Holograms consist of a series of special types of image created by laser using diffraction to project a three-dimensional image, preserving depth and parallax aspects of the original image.
Invented by a Hungarian physicist Dennis Gabor in the 1940s, the technology is now playing a key role in efforts to create new modes of storage in an era in which global digital content is growing exponentially.
In view of ever greater storage demands, Microsoft's AI research labs at Cambridge partnered with colleagues at cloud storage giant Azure to rethink storage solutions based on holography.
The initiative—Project HSD (Holographic Storage Device)—was announced at Microsoft's virtual Ignite 2020 conference this week.
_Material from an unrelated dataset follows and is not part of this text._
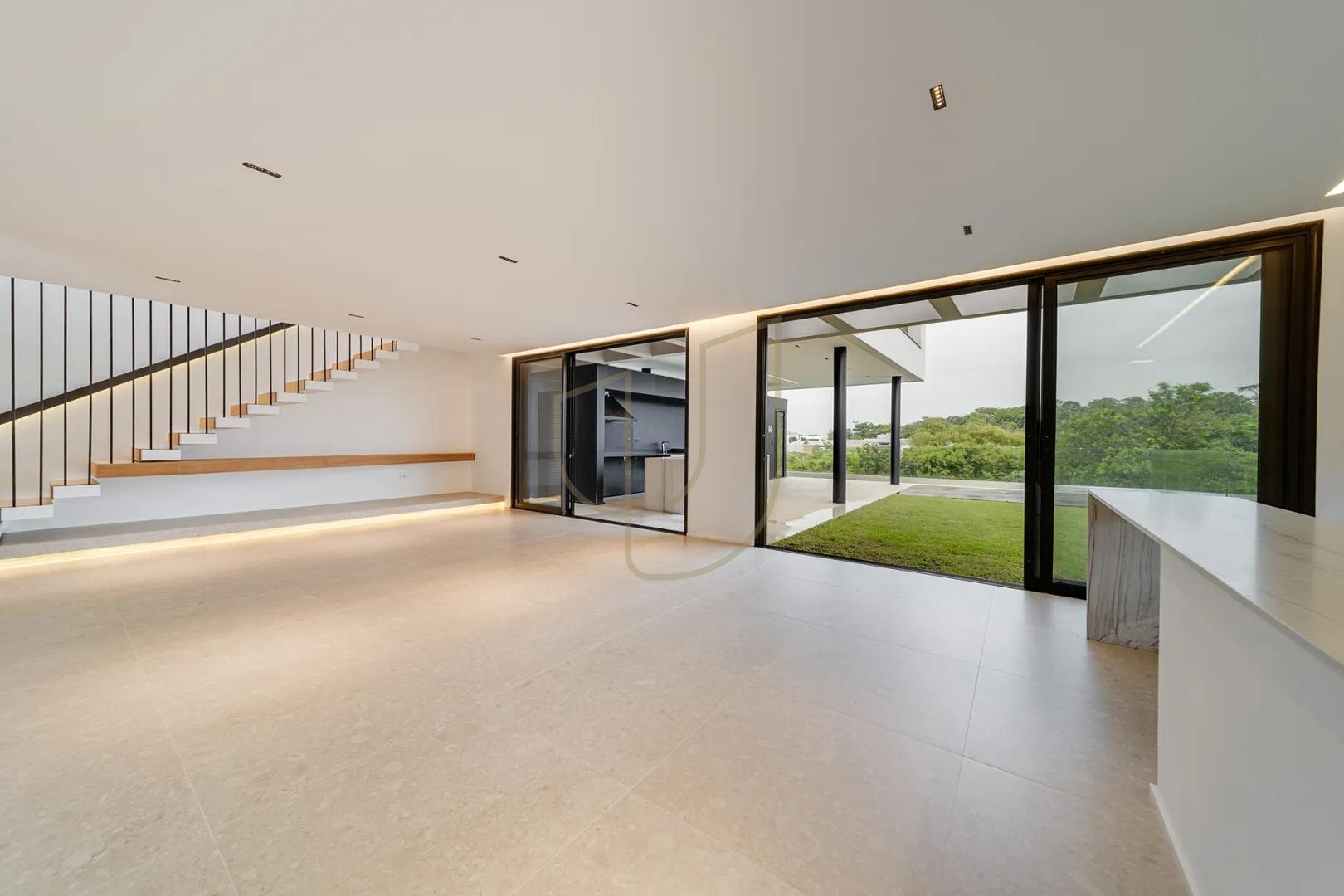 Casa com 4 Su&iacute;tes no Alphaville II  São José dos Campos -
The project continues on the work begun under Project Silica in 2017, at which time Microsoft explained that traditional cloud storage methods are no longer sufficient to keep up with skyrocketing storage needs.
"The demand for long-term data storage in the cloud is reaching unprecedented levels, and continues to grow into the zettabytes," Microsoft said. "Existing storage technologies do not provide a cost-effective solution for storing long-lived data. Operating at such scales in the cloud requires a fundamental re-thinking of how we build large-scale storage systems, as well as the underlying storage technologies that underpin them."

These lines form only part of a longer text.